If the Thing were to get to a planet like... Thyferra and somehow manage to infect Bacta shipments then the galaxy could be massively fucked with folks being sent into Bacta to 'heal' and coming out Things. Regardless, the motivations of the Thing are never really explored and the extent of it's intelligence is limited to contained example.

Can the Things work together ?
If Yes - They can launch a campaign of infestation across the galaxy and possibly achieve what Palpatine did in days by going into the Senate, infecting everyone and then using those sentors to infect their homeworlds when they go home. Naturally this is likely to spread through the power ranks of the galaxy from top to bottom leaving the Things in charge of military firepower, resources etc.

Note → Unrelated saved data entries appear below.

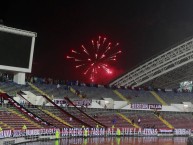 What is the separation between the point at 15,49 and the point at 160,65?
94.7ft

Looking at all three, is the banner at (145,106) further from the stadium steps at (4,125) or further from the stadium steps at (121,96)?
the stadium steps at (4,125)

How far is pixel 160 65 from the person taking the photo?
74.6 m

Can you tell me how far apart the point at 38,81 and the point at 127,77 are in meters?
22.5

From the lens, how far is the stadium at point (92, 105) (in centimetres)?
5025

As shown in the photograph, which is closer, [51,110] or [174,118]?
[51,110]

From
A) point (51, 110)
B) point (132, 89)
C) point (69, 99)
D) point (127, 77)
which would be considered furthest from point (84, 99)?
point (127, 77)

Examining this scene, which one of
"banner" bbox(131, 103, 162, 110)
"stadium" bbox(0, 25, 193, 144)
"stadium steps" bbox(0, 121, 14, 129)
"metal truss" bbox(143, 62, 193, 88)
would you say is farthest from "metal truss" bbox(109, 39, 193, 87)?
"stadium steps" bbox(0, 121, 14, 129)

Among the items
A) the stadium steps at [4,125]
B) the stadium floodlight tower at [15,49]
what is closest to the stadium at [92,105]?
the stadium floodlight tower at [15,49]

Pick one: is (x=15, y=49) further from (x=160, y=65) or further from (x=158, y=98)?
(x=158, y=98)

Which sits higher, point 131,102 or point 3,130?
point 131,102

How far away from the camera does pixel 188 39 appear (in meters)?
69.7

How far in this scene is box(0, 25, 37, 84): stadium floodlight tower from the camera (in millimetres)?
55344

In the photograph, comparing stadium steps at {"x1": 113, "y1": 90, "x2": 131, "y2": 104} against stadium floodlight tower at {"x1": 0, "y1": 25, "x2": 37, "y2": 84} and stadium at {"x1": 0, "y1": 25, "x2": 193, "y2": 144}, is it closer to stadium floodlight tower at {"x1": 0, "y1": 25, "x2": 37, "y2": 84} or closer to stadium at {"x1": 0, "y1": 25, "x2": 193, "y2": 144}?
stadium at {"x1": 0, "y1": 25, "x2": 193, "y2": 144}

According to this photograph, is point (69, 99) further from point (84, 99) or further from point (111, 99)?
point (111, 99) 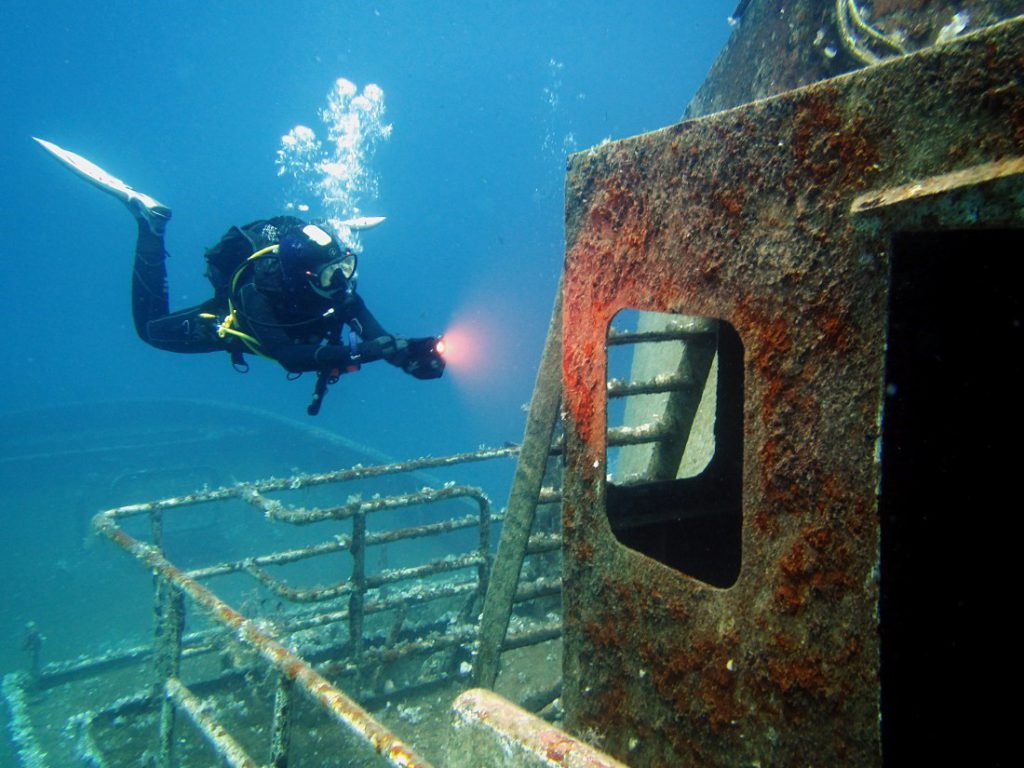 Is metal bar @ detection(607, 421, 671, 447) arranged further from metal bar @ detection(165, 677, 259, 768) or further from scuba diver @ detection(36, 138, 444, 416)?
scuba diver @ detection(36, 138, 444, 416)

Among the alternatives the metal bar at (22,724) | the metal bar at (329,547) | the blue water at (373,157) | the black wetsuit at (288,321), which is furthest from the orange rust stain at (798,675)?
the blue water at (373,157)

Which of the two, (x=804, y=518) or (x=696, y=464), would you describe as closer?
(x=804, y=518)

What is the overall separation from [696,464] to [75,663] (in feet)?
19.6

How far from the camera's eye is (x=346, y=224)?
684cm

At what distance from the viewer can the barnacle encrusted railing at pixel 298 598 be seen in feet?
7.14

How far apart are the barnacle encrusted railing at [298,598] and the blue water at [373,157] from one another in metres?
59.7

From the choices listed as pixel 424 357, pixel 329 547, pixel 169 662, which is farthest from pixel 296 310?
pixel 169 662

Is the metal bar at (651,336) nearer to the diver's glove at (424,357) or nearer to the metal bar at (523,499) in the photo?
the metal bar at (523,499)

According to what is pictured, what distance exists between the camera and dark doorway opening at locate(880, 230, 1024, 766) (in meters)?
1.41

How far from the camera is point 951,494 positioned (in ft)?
5.15

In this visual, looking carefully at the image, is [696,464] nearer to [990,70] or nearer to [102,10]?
[990,70]

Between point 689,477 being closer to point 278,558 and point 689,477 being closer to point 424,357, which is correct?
point 424,357

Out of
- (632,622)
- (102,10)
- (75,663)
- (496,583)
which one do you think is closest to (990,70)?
(632,622)

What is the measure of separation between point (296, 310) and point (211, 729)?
11.6ft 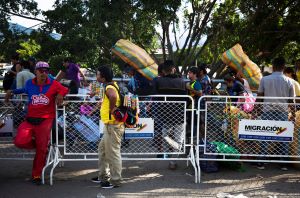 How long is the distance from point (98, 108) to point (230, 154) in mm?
2208

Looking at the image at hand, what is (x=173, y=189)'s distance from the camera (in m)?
5.76

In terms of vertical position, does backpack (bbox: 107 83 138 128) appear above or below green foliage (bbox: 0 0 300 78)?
below

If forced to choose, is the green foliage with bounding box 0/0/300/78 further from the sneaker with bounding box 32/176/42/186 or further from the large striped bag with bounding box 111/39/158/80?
the sneaker with bounding box 32/176/42/186

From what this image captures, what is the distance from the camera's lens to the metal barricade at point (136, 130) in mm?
6102

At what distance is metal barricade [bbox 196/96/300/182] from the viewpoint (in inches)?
241

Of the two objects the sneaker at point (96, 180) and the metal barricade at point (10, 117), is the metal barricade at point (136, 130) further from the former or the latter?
the metal barricade at point (10, 117)

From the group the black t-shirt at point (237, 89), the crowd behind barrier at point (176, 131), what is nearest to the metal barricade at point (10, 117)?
the crowd behind barrier at point (176, 131)

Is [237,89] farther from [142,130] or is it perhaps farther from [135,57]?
[142,130]

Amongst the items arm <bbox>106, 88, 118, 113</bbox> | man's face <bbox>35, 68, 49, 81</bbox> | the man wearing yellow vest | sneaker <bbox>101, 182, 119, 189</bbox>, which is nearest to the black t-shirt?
the man wearing yellow vest

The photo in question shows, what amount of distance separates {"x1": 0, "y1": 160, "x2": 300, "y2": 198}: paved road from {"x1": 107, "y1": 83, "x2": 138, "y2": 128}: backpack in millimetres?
1012

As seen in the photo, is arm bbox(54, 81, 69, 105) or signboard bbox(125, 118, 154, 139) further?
signboard bbox(125, 118, 154, 139)

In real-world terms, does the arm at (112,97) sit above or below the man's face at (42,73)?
below

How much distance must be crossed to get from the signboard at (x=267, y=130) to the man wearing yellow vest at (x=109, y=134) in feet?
6.38

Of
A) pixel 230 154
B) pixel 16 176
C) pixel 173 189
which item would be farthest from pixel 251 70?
pixel 16 176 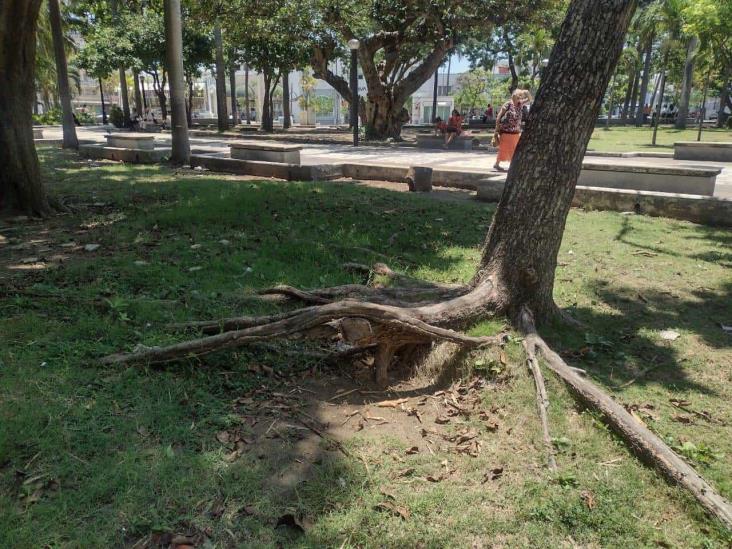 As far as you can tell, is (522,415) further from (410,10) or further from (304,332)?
(410,10)

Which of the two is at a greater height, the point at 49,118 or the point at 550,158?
the point at 49,118

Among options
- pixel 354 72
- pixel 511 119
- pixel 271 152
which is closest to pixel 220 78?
pixel 354 72

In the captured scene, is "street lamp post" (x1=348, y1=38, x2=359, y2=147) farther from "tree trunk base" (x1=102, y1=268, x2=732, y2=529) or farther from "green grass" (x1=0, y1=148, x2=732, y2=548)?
"tree trunk base" (x1=102, y1=268, x2=732, y2=529)

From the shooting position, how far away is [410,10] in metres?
20.4

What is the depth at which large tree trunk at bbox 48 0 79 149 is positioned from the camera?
547 inches

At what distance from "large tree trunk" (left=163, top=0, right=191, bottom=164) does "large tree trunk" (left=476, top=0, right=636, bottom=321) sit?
404 inches

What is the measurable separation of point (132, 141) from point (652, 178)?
12.1 metres

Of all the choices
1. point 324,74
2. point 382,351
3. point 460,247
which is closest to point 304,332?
point 382,351

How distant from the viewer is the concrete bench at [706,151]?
16.2 metres

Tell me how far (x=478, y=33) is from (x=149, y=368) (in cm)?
2183

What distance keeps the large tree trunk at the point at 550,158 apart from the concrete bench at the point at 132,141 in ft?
Answer: 40.7

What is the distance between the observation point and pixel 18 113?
6.97m

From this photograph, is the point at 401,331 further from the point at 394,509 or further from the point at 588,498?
the point at 588,498

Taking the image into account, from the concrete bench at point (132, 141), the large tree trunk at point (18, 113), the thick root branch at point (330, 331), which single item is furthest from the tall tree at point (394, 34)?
the thick root branch at point (330, 331) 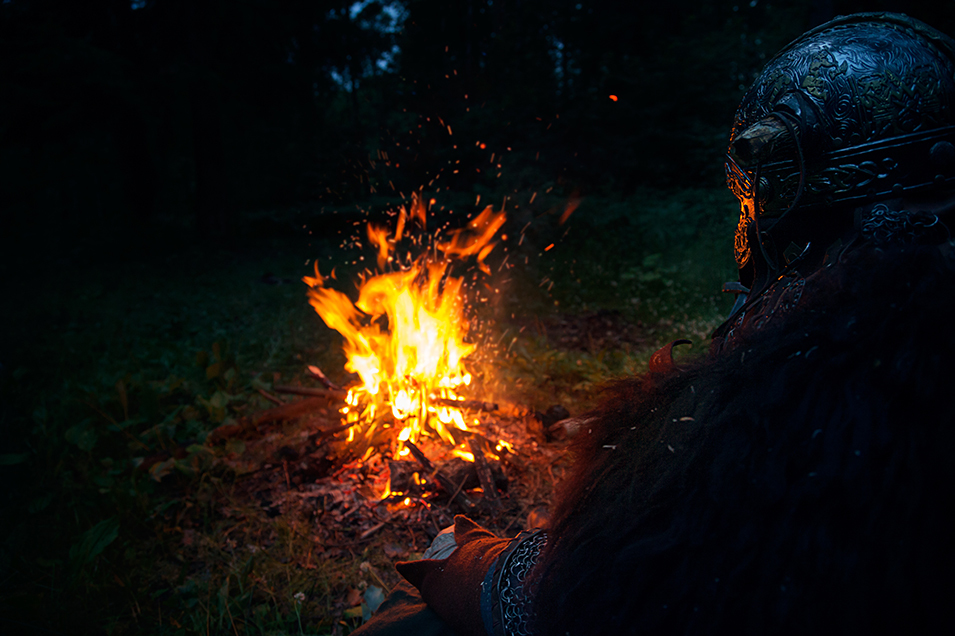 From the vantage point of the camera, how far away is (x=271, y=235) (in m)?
14.3

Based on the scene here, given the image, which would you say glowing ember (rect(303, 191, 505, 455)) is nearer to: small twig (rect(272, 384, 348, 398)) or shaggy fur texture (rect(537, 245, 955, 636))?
small twig (rect(272, 384, 348, 398))

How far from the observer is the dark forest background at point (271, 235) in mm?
2928

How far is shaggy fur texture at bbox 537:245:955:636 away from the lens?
85cm

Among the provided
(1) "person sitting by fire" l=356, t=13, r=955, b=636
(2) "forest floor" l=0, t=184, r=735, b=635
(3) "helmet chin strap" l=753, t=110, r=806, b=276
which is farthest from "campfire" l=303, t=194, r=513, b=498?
(3) "helmet chin strap" l=753, t=110, r=806, b=276

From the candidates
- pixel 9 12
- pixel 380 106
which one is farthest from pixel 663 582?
pixel 9 12

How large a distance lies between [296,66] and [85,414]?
36.4 feet

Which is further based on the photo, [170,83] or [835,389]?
[170,83]

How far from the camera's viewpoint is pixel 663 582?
1014 millimetres

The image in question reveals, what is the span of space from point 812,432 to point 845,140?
3.06ft

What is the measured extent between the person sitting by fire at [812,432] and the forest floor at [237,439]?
2.90ft

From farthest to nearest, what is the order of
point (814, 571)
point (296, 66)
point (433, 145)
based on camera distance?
point (296, 66), point (433, 145), point (814, 571)

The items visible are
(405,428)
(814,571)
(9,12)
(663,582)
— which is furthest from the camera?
(9,12)

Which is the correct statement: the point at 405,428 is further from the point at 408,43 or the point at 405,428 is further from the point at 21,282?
the point at 408,43

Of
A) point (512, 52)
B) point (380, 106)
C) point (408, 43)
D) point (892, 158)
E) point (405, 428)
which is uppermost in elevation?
point (408, 43) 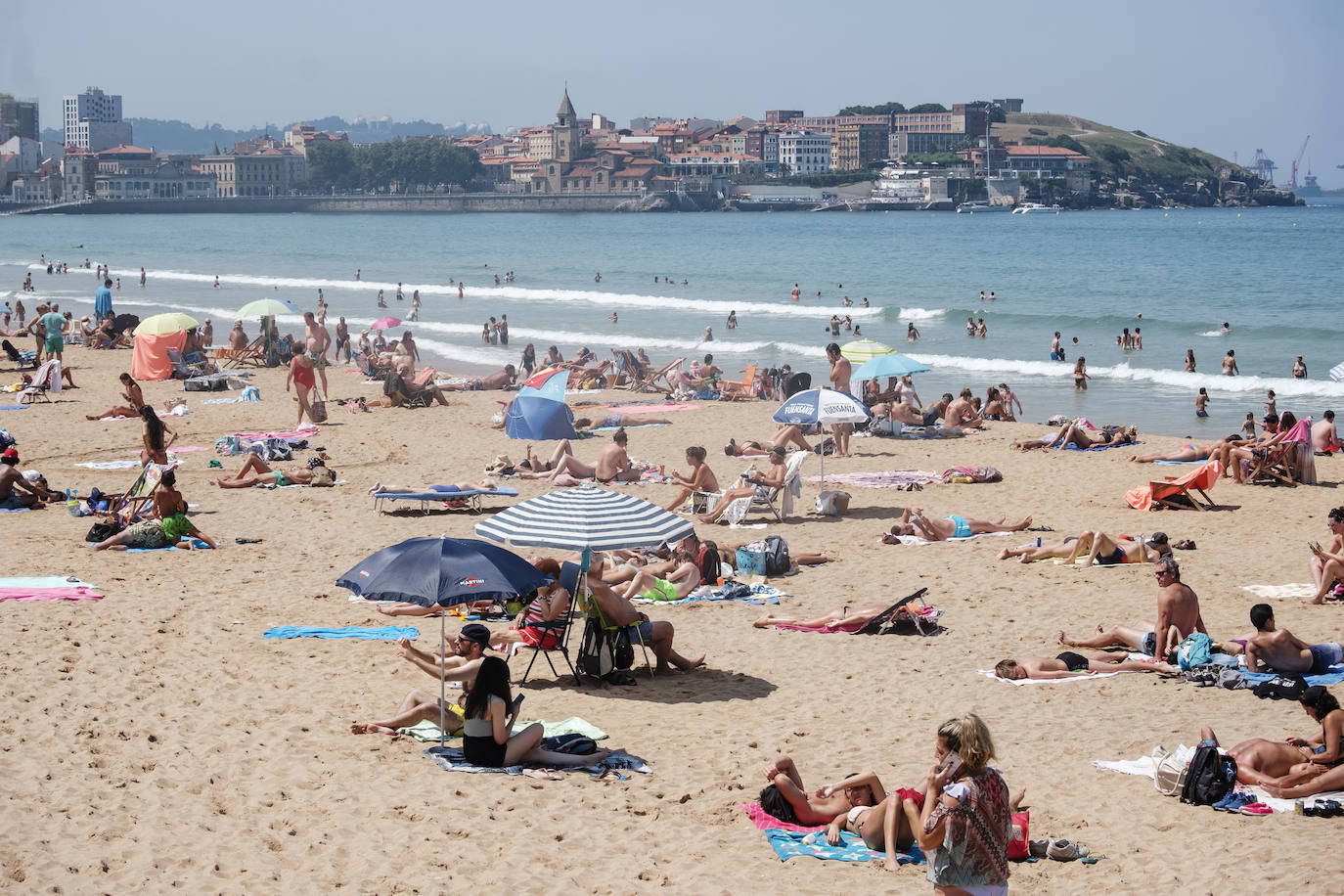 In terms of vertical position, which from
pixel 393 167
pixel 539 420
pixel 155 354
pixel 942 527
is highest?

If No - They spread like wildfire but ultimately do it in a haphazard self-serving way without any real objective in mind except spreading and staying alive. It will be rather amusing if the Things end up fighting one another because they cannot recongise each other but naturally defend themselves from being exposed.
Harr... I infect you... fuck, your infected, damnit now I have to kill you cause you know I am Infected.

Regardless, the SW galaxy should be more than capable of fighting back by initiating severe isolation / quarantine procedures. I.E Anyone and everything onboard a ship / station is screened by Droids that are used to scan anything that comes in. As the surviors increase their resources they go about building a heavily defended community surrounded by automated defences to prevent incursions. I have visions of the survivors turning into the Quarians from Mass Effect flying around in a massive fleet of sterile ships while wearing containment suits and using Droids as slaves to test, enforce and do their dirty work.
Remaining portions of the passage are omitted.